The review focused on audit oversight and internal controls at CalPERS aimed at identifying, preventing and eliminating pension spiking. The Controller also reviewed 11 CalPERS member agencies -- three state agencies, two counties, two cities, and four special districts -- to determine if any retirements occurring during the audit span included any inappropriate benefit enhancements.

Those 11 member agencies included a geographically-diverse sample of public entities that included the California Department of Fish and Wildlife, the California State University Chancellor’s Office, the County of Riverside, CalPERS, the County of Placer, the City of Oakland, the City of Colton, the Grossmont Healthcare District, the Inverness Public Utility District, the Metropolitan Water District of Southern California, and the Woodside Fire Protection District.

Although the Controller's review of the 11 reporting entities did not identify an incident where a retiring employee received an inappropriate pension enhancement, it did discover that CalPERS doesn’t regularly run the monthly payroll data it received through automated controls to identify indicators of pension spiking.

At CalPERS, the Controller found that the pension fund has developed a number of electronic risk assessment tools that can be used to detect pension spiking, but does not effectively use them. Instead of applying these automated data mining tools to all payroll data received from its member agencies on a monthly basis to identify anomalies indicative of abuse, CalPERS only performs a risk assessment once per year and the primary driver of that assessment is whether that agency has employees compensated at greater than $245,000 per year.

Compounding the deficiencies inherent in an approach that does not systemically screen data on a frequent basis, CalPERS generally only reviews pay data for spiking when an employee of a member agency is about to retire. This lack of up-front, real-time accuracy verification needlessly creates opportunities for abuse to occur.

CalPERS has insufficient auditing resources to effectively oversee its more than 3,000 member agencies. Available resources limit its annual reviews to only 45 (or 1.5%) of its membership. At this rate, a public agency would only face a pension spiking audit once every 66 years.
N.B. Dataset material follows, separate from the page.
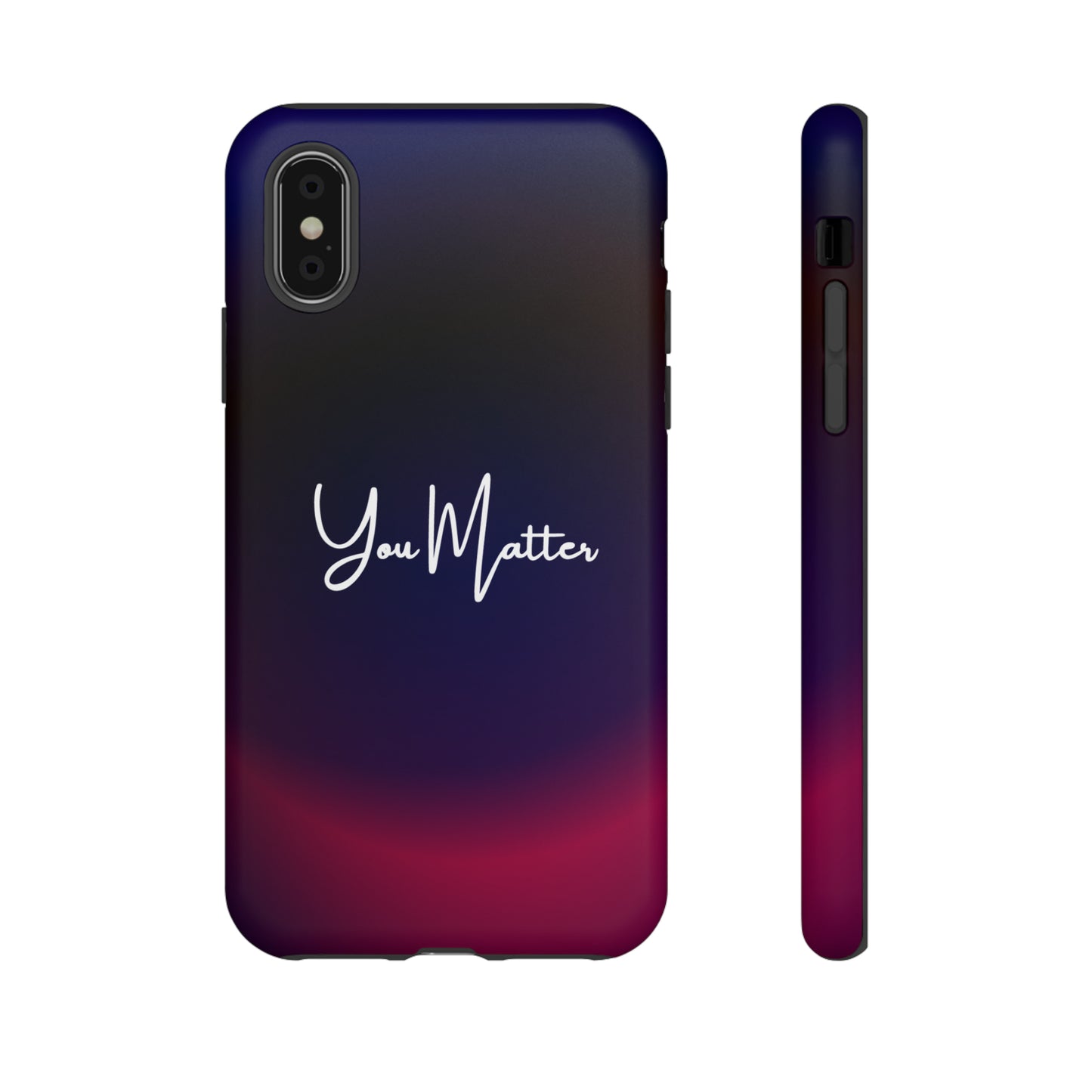 You Matter, Samsung, iPhone 15, 14, 13 pro max case, iPhone Tough Phone Case, Popular Phone Cover, Everyday Phone Cases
Since the audit was completed, CalPERS has added additional staff; however, with the change, it still would be once every 33 years that an agency would face an audit.

The Controller's Office strongly recommends CalPERS address the understaffing immediately, makes full use of its electronic tools, and deploy a more rigorous and prevention-based approach to combating pension spiking.

Finally, the review observed a form of "legal" pension spiking authorized with the 1993 enactment of California Government Code section 20692. This method of pension enhancement involves a one-time shift in "pick-up" payments, or payments made by employers to cover the employee's share of pension costs.

Commonly referred to as "Employer Paid Member Contributions," 97 contracting agencies -- primarily local governments and special districts -- have contract amendments allowing them to withdraw the commitment to pick-up the retirement contribution in the employee’s final year, and will instead add the cash value of that payment to the employee's salary to be paid by the employee as a retirement payment.

While this arrangement does not affect the total cash value being sent to the pension fund each year, it does "spike" the employee’s final year of compensation by shifting the cash value of the pension payment into the regular salary. As a result of the California Public Employees’ Pension Reform Act of 2013, this optional benefit is no longer available to new members. However, the Controller’s review concluded that the contract amendments increased members pay by $39.1 million in annual pensionable compensation for participating employees. This arrangement could provide as much as $796 million in this type of pension compensation over 20 years.